## EXERCISE
Exclude all pictures from your copy of the data below, which should otherwise match exactly.
== GIVEN DATA ==
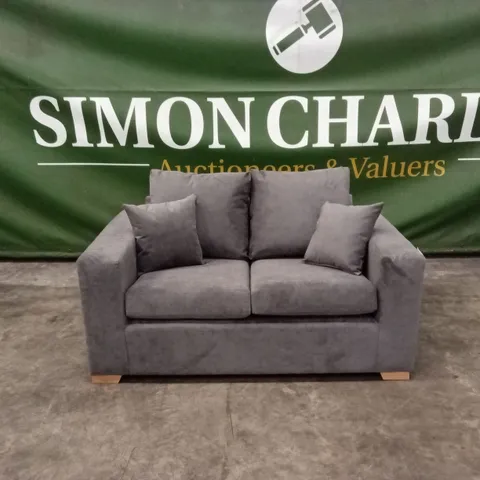 VALENCIA FABRIC 2 SEATER SOFA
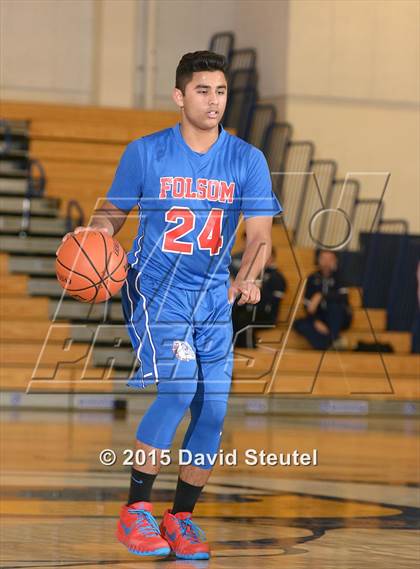 Thumbnail 2 in JV: Folsom vs. Vista del Lago (Trojan Toss-Up) photogallery.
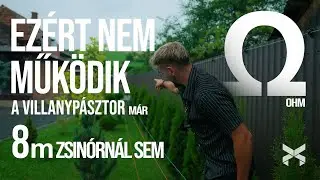 Mi az az Ohm? És miért drágább az egyik villanypásztor zsinór a másiknál?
===
## SOLUTION TO THE PROBLEM
 VALENCIA FABRIC 2 SEATER SOFA
 Thumbnail 2 in JV: Folsom vs. Vista del Lago (Trojan Toss-Up) photogallery.
 Mi az az Ohm? És miért drágább az egyik villanypásztor zsinór a másiknál?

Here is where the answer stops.